0Setelah 10 menit lamanya, kini Sean kembali sudah masuk ke dalam mobilnya. Ia membuka kaca mobil, dan menatap ke arah Ezzart yang tengah memutar-mutar linggis di tangannya dengan mulut menggigit tusuk gigi. Astaga penampilannya kini terlihat sangat maskulin, terlebih lagi lengan kemeja yang sudah tergulung sampai siku.     

Sean menatap body luar mobilnya dari dalam mobil, ia sangat puas dengan kinerja Ezzart. "Perfect, I'll send the money to the ATM later." ucapnya sambil memakai kembali kacamata yang tadi ia taruh di dalam saku tuxedo.     

Ezzart hanya mengangkat alisnya, lalu menepuk pelan bahu Sean. "Kayak baru kenal sehari saja, semuanya gratis untuk diri mu." ucapnya sambil menyunggingkan sebuah senyuman.     

Ia memang benar-benar ingin memberikan semua hasil modifikasi yang ia kerjakan tadi secara cuma-cuma. Ya hitung-hitung memberikan akses spesial kepada laki-laki itu. Lagipula Sean jarang sekali berkunjung dan sekalinya berkunjung pasti benar-benar membutuhkan bantuannya. Anggap saja hadiah karena sudah membuat dirinya berteman dengan seorang pembunuh bayaran yang sangat keren di seluruh dunia.     

Sean mengangkat sebelah alisnya. "Jangan bercanda, kerja adalah uang. Dan kamu pantas mendapatkan imbalan, nanti ku kirim ke rekening mu." ucapnya sambil menutup pintu kaca mobilnya. Ia tidak ingin mendengar deretan kalimat protes ataupun kalimat lainnya yang menentang keinginannya. Bertindak egois dan seenaknya sangat perlu di lakukan untuk kebaikan bersama.     

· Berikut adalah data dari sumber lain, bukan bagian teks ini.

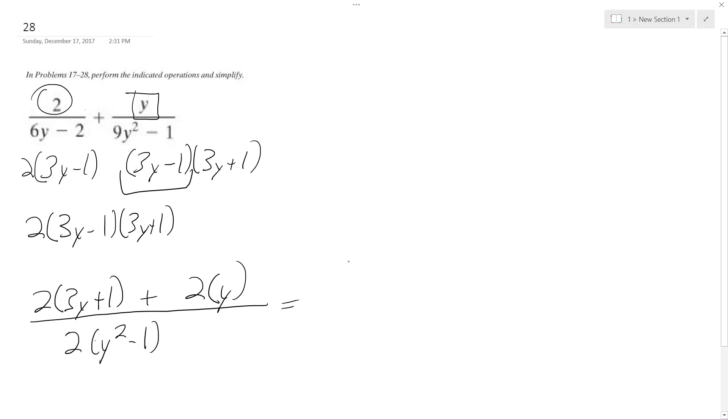So we get 6y plus 2 plus 2y over, and this is 9,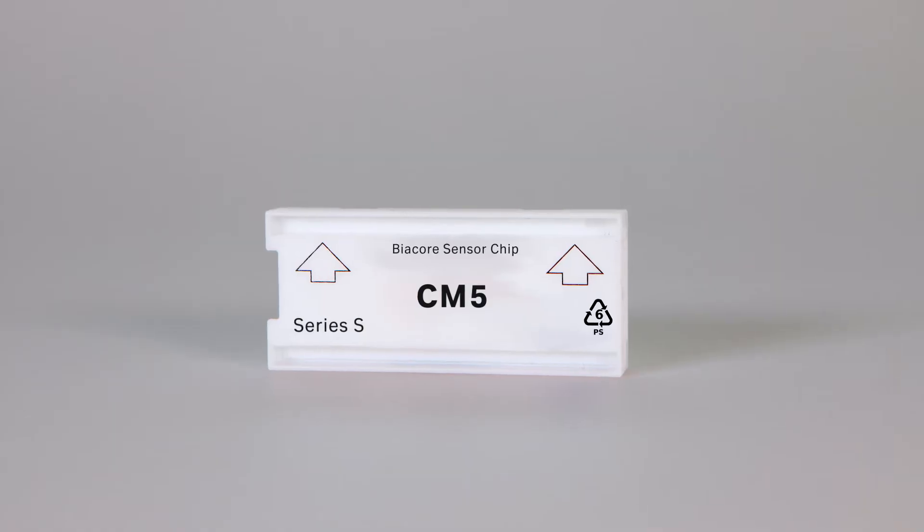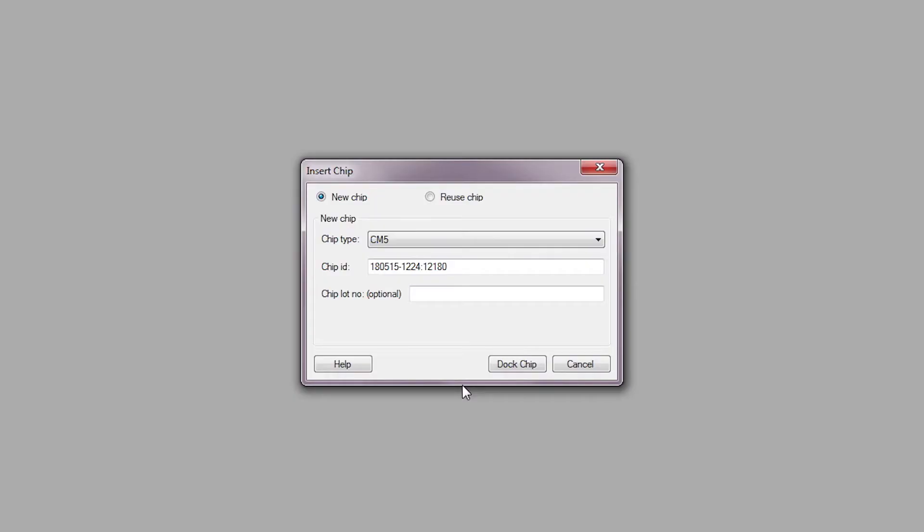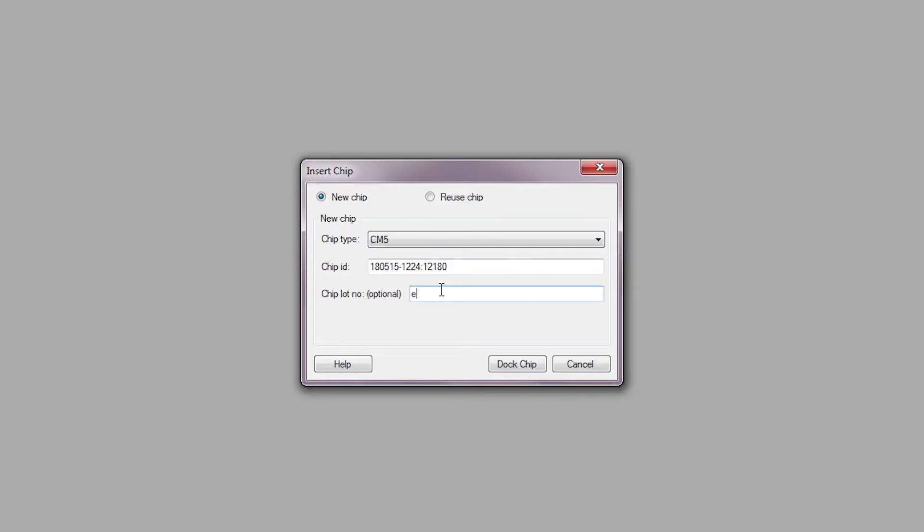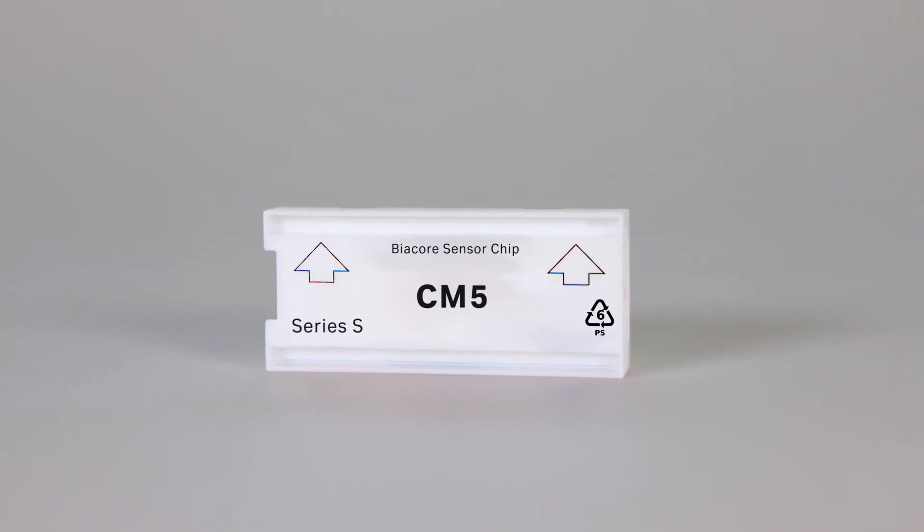Now we are ready to insert a sensor chip. Define the chip type, chip ID and lot number. The arrows on the chip case face the instrument.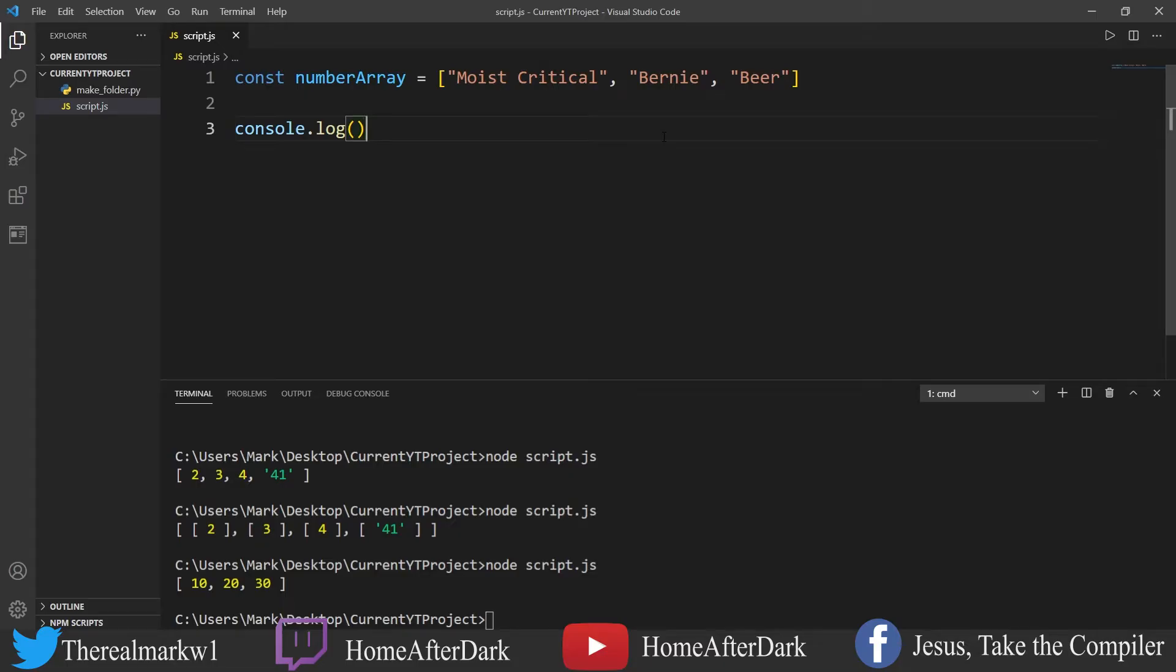indexOf is a helpful array method because some other array methods are useful when you may not know what's in the array or you want to see what's in there. Sometimes you're getting data and you don't know what's there, right?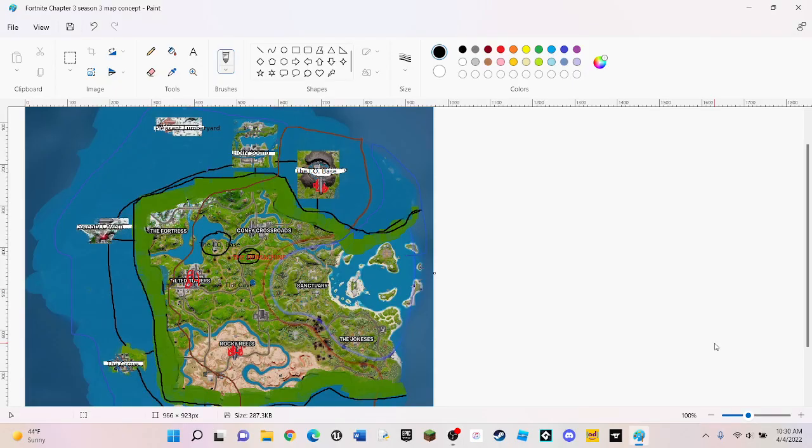What's up everybody, and today I'm going to show you my Fortnite Chapter 3 Season 3 map concept, except it's Stage 2.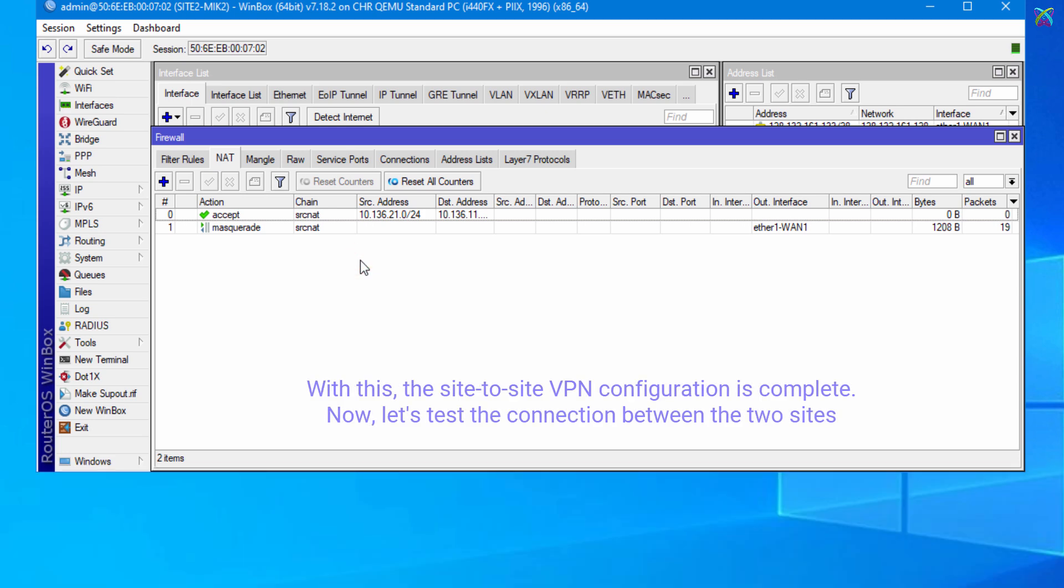With this, the site-to-site VPN configuration is complete. Now, let's test the connection between the two sites.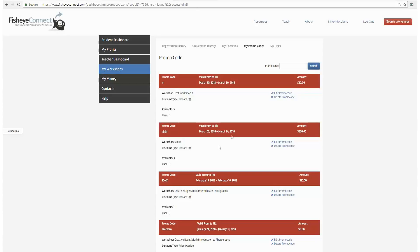You can check how many promo codes are available, how many people have used it, when it expires, etc. You can also edit and delete your promo code at any time.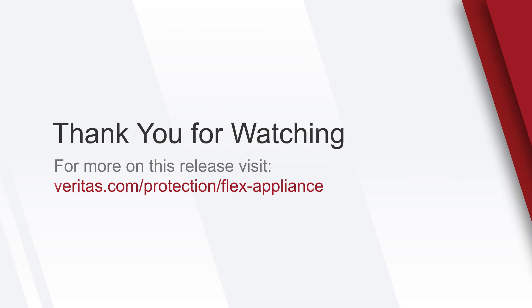To learn more about Veritas Immutable Storage, Open Storage Technology, or NetBackup Flex Appliance, visit veritas.com/protection/flex-appliance or contact your Veritas representative.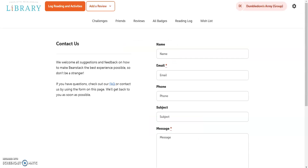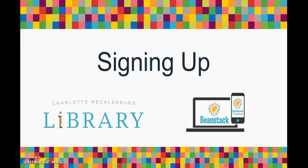If you have any questions about Summer Break, please don't hesitate to contact your local library or select 'Contact Us' at the bottom of the Summer Break page. Staff are happy to answer any questions you may have. Thank you for choosing to spend your summer with us — we hope you have a great summer. Happy reading!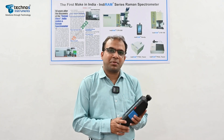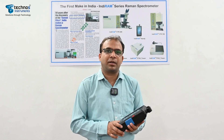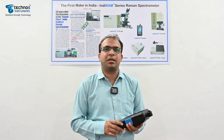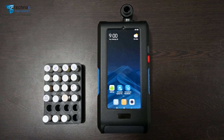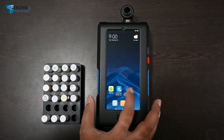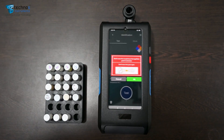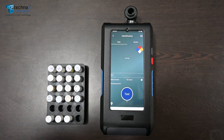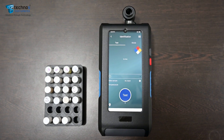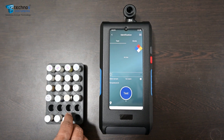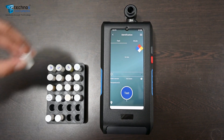Let's see how this palm-sized IndiRAM handheld Raman spectrometer can be used to identify these excipients accurately. We will try to identify all three excipients, starting first with Stearic Acid.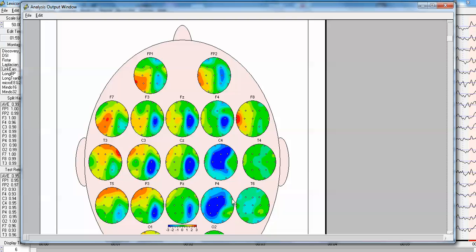The parietal lobe has low connectivity to the right frontal, FZ, F3, C3, CZ, P3, PZ, etc.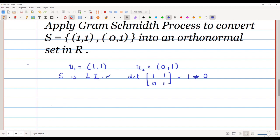We will keep the first vector fixed, so let v1 be the same as u1 — I am not going to change the first vector. I am going to change the second vector. I will choose v2 to be a vector such that v2 is perpendicular to v1.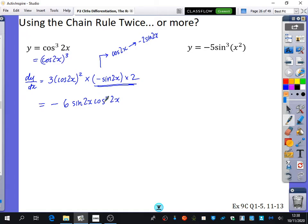This has the chain rule in it twice. You did the chain rule for blar cubed, but when you found the derivative of blar, you also needed the chain rule again, because that function was also a composite function — a function inside a function inside a function. The first function is 2x, the second is cos, the third is cubing. Because there are three functions, you need the chain rule twice.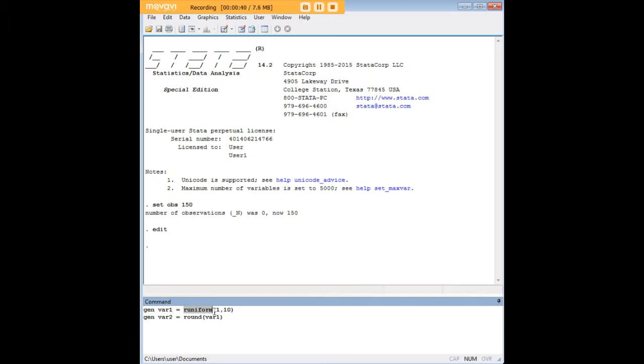Then I'm going to generate variable 2, VAR2, which is just going to be the rounded version of VAR1.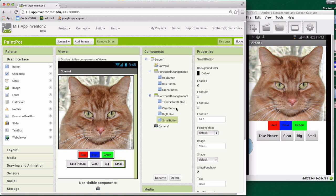I'm going to show you how to use the slider component in App Inventor 2. So we've got this kind of funky UI where we've got a big button, small button that lets us change the size of the circles drawn on this cat.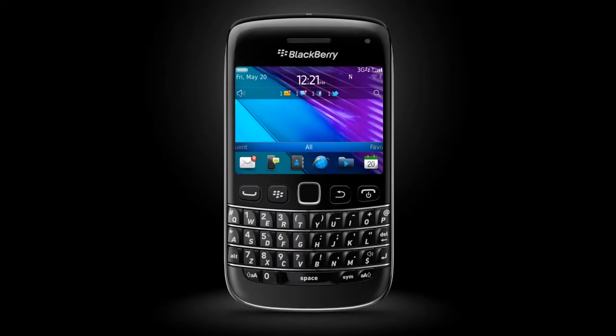Experience the new BlackBerry 7, the easy-to-use next-generation BlackBerry OS on the new BlackBerry Bold 9790 smartphone.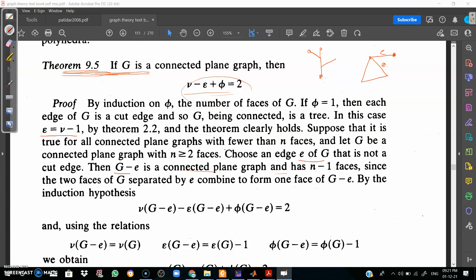Choose an edge e of G that is not a cut edge. Since e is not a cut edge, it separates two faces. Then G minus e is a connected graph. Since e separates two faces, G minus e has n minus 1 faces, because the two faces of G separated by e combine to form one face of G minus e.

Ya terkadang rasa tersebut menguntungkan dua orang, dirinya dengan orang lain. Tapi terkadang juga hanya menguntungkan dirinya saja.     

Ia langsung saja menginjak pedal gas, dan mobil melaju menuju pintu besar besi dengan arah yang berlawanan dari pintu masuknya tadi.     

Sebelum berhasil membuka pintu besar tersebut, sebuah scaner besar mulai memindai keadaan mobilnya. Keamanan sangat terjaga dengan ketat, ini adalah salah satu perusahaan besar di dalam bawah tanah yang hanya diketahui oleh kolega nakal dan salah satu tempat mobil terbaik di antara yang lain.     

"Done, have a nice ride." suara wanita yang di program oleh Ezzart yang kawan-kawan terdengar menyapa indra pendengarannya.     

Setelah itu, pintu besar langsung terbuka dan memberikan akses jalan menanjak untuk kembali ke atas sana. Ia langsung saja melajukan mobilnya dengan kecepatan standar, lalu cahaya matahari mulai menyapa indra pendengarannya.     

Baiklah, ini saatnya untuk menyelamatkan apa yang harus di selamatkan.     

Dengan cepat, ia langsung keluar dari area taman tua itu dan masuk kembali ke jalan raya untuk meneruskan perjalanan yang sempat tertunda.     

Hei, memangnya siapa yang tidak puas dengan kinerja Ezzart? Dalam waktu sepuluh menit saja, body mobilnya sudah kembali seperti semula, patut di acungi ibu jari, kalau perlu ia akan memberi 100 ulasan bintang kepada laki-laki itu.     

Kesibukannya menjadi pembunuh bayaran akhir-akhir ini karena berita tewasnya Hana Xavon membuat dirinya sibuk dan jarang sekali berkunjung ke para markas beberapa teman kriminalnya. Jika ada waktu, ia lebih baik mengisi waktunya untuk istirahat dan menghabiskan waktu untuk menjahili gadisnya.     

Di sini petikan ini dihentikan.